Le camionneur a quitté Notre-Dame-du-Mont-Carmel au volant d’un camion attelé d’une semi-remorque, s’est arrêté à La Tuque pour y récupérer son chargement et, finalement, a pris la route en direction de Parent. Au kilomètre 103, la route se divise en deux. Le conducteur a alors entrepris un virage vers l’embranchement de gauche afin de s’engager sur le pont qui traverse la rivière Manouane. Cependant, il n’a pas été en mesure de terminer son virage, car le camion a défoncé une structure de bois qui se trouvait à la droite du pont et est ainsi tombé dans la rivière. Les secours ont été appelés, et le décès du conducteur a été constaté sur place.» Le conducteur est décédé des suites de ses blessures, le camion ayant plongé tête première sur les rives du cours d’eau.

«En tentant un virage afin d’emprunter le pont de la rivière Manouane, le travailleur, qui conduisait un camion semi-remorque, a perdu la maîtrise de celui-ci et a terminé sa course dans la rivière», ajoute le rapport.

La CNESST indique que pour éviter de tels drames, l’employeur doit notamment «se doter d’un programme d’entretien régulier; tenir un dossier ou des fiches d’entretien pour tous ses véhicules; prendre les mesures nécessaires pour que les travaux mécaniques soient effectués lorsque des problèmes sont soulevés.»



«Par la loi, l’employeur est tenu de prendre les mesures nécessaires pour protéger la santé et assurer la sécurité et l’intégrité physique de ses travailleurs», souligne également la Commission.

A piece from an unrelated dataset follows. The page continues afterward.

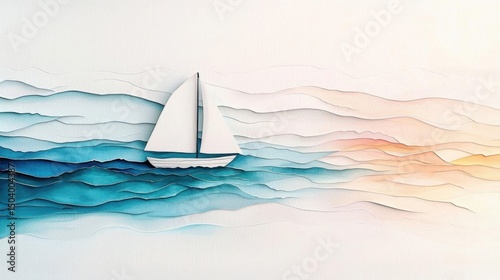 Digital illustration of a sailboat in the ocean. the boat is white with a white sail and is sailing on the water.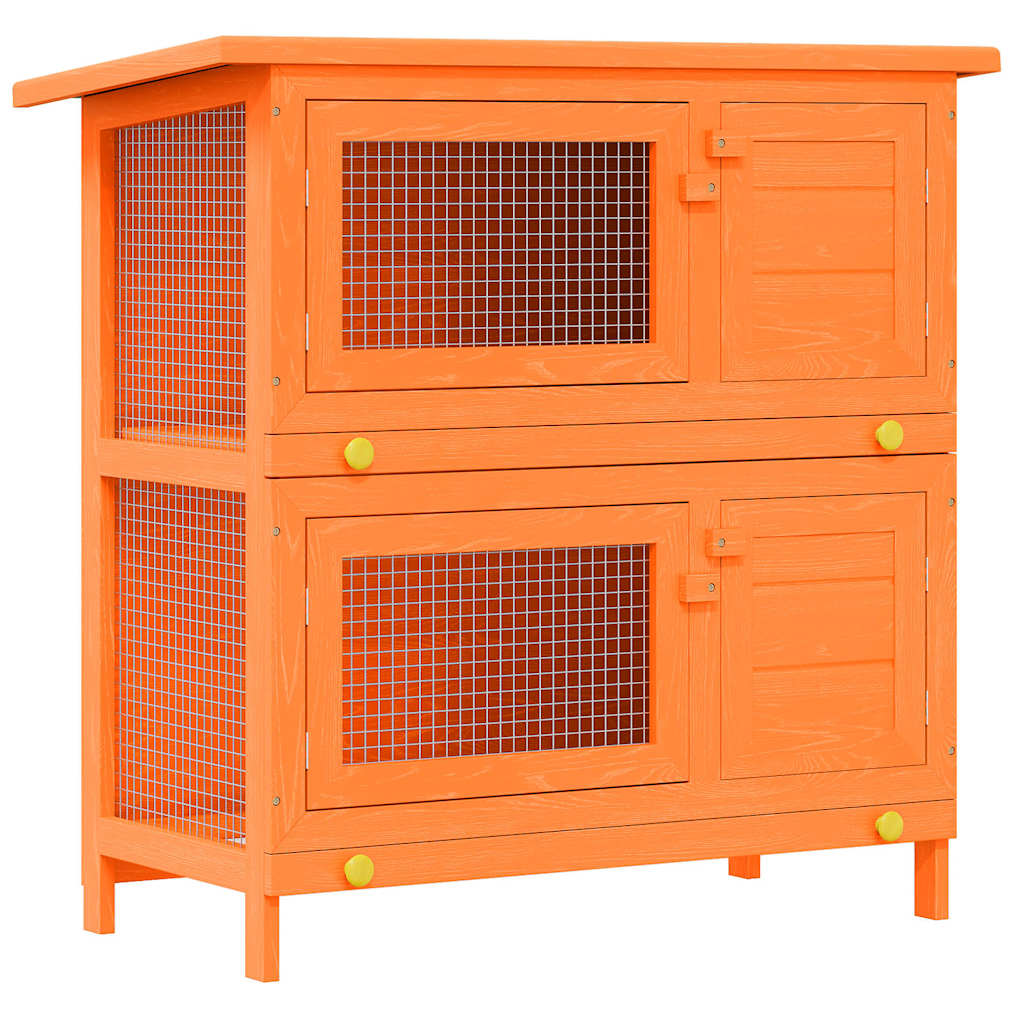 Conejera de exterior Vidaxx para mascotas pequeñas, 4 puertas, madera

«Contrairement à d’autres juridictions, le Québec n’impose aucune forme de certification ou de vérification des compétences relativement à l’ajustement des freins.»

—  rapport de la CNESST

«Il a également l’obligation de s’assurer que l’organisation du travail ainsi que les équipements, les méthodes et les techniques pour l’accomplir sont sécuritaires. Les travailleurs et travailleuses doivent faire équipe avec l’employeur pour repérer les dangers et mettre en place les moyens pour les éliminer ou les contrôler.»

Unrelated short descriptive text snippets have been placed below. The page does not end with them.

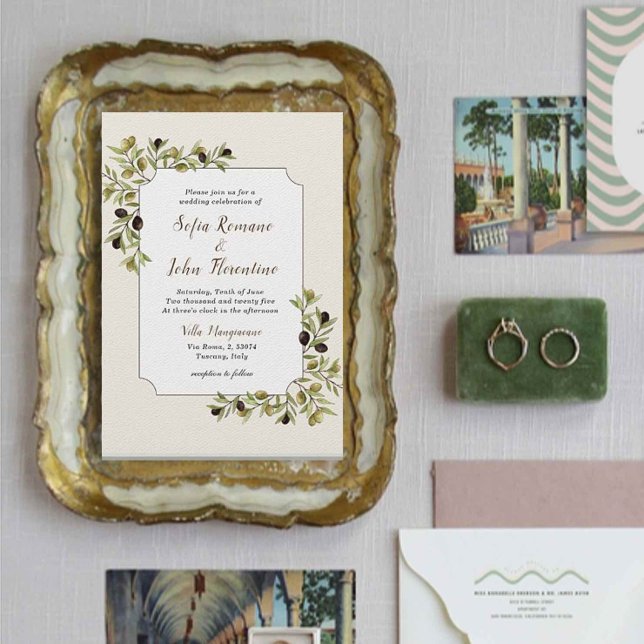 Olive Branch Leaves Botanical Wedding Invitation (Creator Uploaded)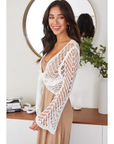 Open Knit Crochet Tie Top- White
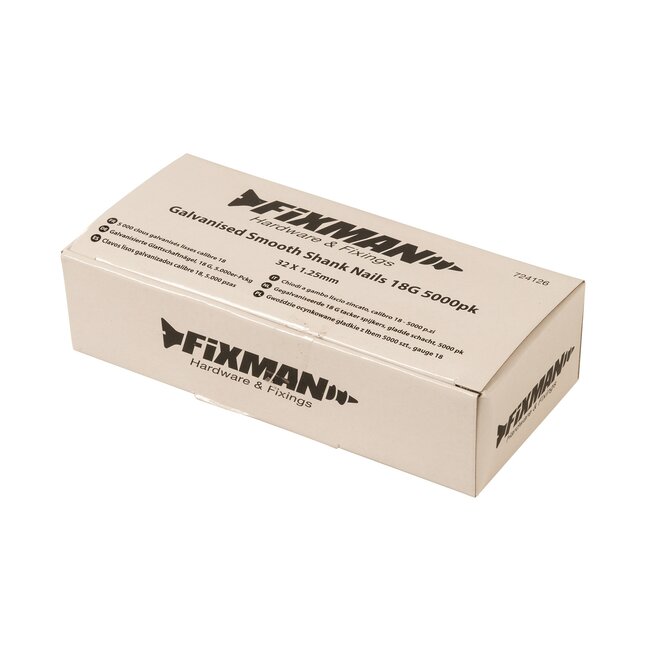 Fixman Afwerkspijkers kaliber 18 - verzinkt staal - gladde schacht - 32 mm - zilver - 5000 stuks - houtbewerking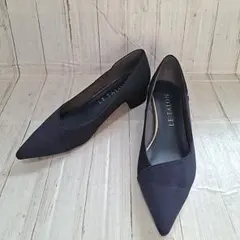 未使用級【23㎝】LE TALON ポインテッド スエード パンプス ネイビー
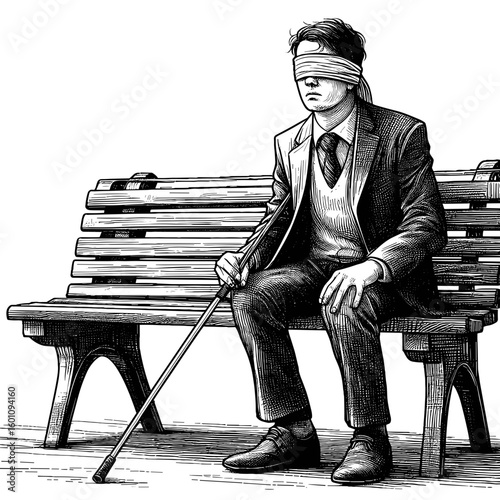 Blindfolded man sitting on bench with cane
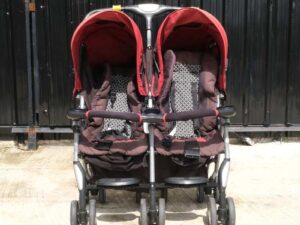 double baby stroller Twin baby stroller with mosquito net, Combi brand, 360 degree wheels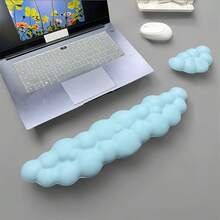 云形键盘腕托，柔软仿皮记忆泡沫腕托/垫，符合人体工程学的防滑桌垫，适用于电脑游戏/笔记本电脑/垫子/可爱办公桌 - 白色 - 查看 11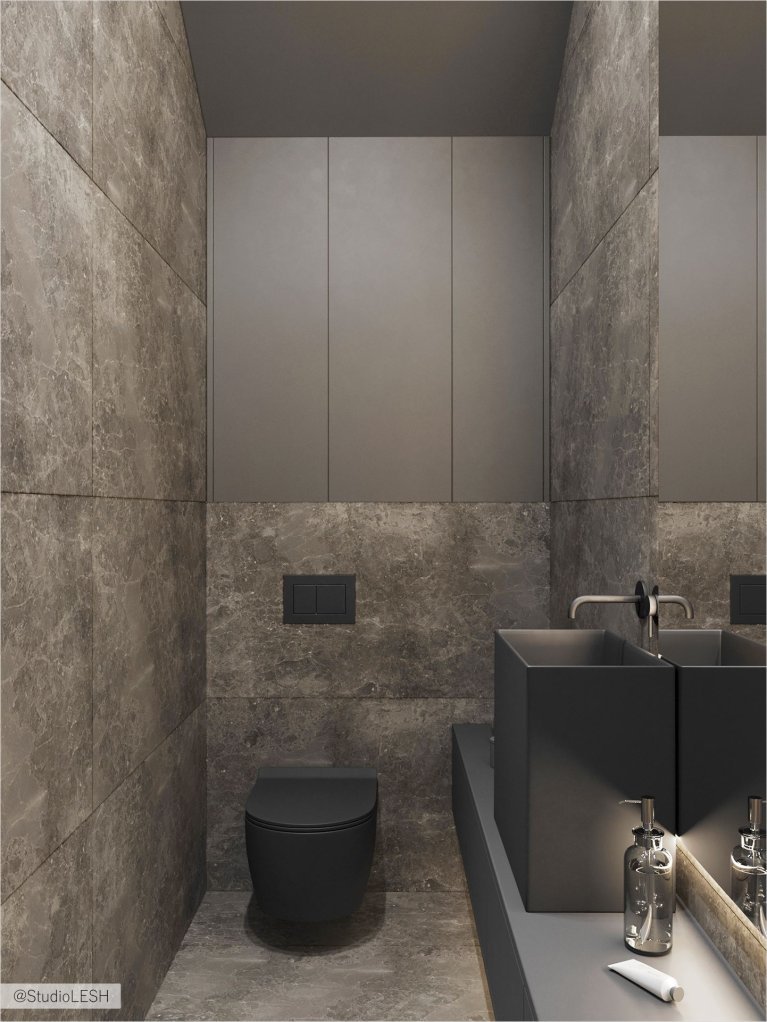 Интерьер ванной комнаты в современном стиле с акцентом на функциональность и минимализм. В комнате есть все необходимое для комфортного проживания: удобная мебель, места для хранения вещей и современная техника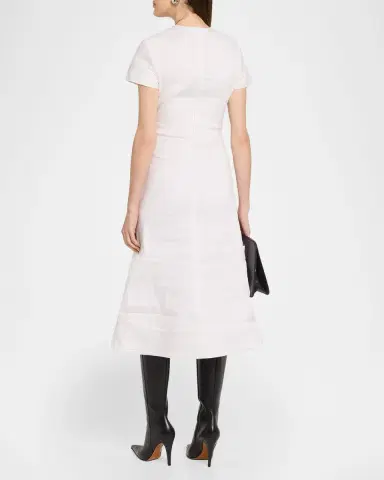 Brandon Maxwell The Ridley Short-Sleeve Midi Dress | Thumbnail 3 Brandon Maxwell The Ridley Short-Sleeve Midi Dress | Thumbnail 3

La CNESST transmettra les conclusions de son enquête à la SAAQ, au Comité paritaire de prévention du secteur forestier, à l’Association du camionnage du Québec, à l’Association des routiers professionnels du Québec et au Regroupement des entrepreneurs et camionneurs indépendants du Québec afin qu’ils sensibilisent leurs membres.

Le rapport d’enquête sera également diffusé dans les établissements de formation offrant le programme d’études en transport par camion pour sensibiliser les futurs travailleurs.

Toujours selon le rapport de la CNESST, l’entreprise Les sables et terres Mont-Carmel, qui se spécialise dans le transport de matières en vrac, ne possède aucun mécanisme de participation des travailleurs. Ces derniers ne sont pas syndiqués non plus et leur nombre varie selon les besoins de l’employeur.

La dernière vérification de la semi-remorque datait du 20 janvier 2022. «L’inspection annuelle du camion, quant à elle, n’a pas eu lieu», indique le rapport. Elle était prévue le 22 avril.



La CNESST souligne que «contrairement à d’autres juridictions, le Québec n’impose aucune forme de certification ou de vérification des compétences relativement à l’ajustement des freins, qu’ils soient manuels ou automatiques. Dans de telles circonstances, il existe une possibilité que l’employeur puisse confier cette responsabilité à une personne sans en connaître ses aptitudes réelles, voire même d’être en mesure de les évaluer. La personne à qui cette tâche est confiée peut croire de bonne foi, à défaut d’avoir subi une évaluation de ses capacités, qu’elle a les connaissances requises pour effectuer ces vérifications et entretiens. L’insuffisance du contrôle des qualifications des personnes chargées de l’ajustement des freins pneumatiques peut entraîner un dysfonctionnement menant à une défaillance de ceux-ci», indique la CNESST.

Dans le cas précis de l’accident sur la route forestière, la CNESST constate une déficience de l’entretien des véhicules de la compagnie Les sables et terres Mont-Carmel. «Cette gestion déficiente a fait en sorte que les quatre freins de la remorque étaient mal ajustés lors de l’événement, ce qui a entraîné une diminution de l’efficacité du freinage contribuant ainsi à la survenance de l’accident», conclut la Commission.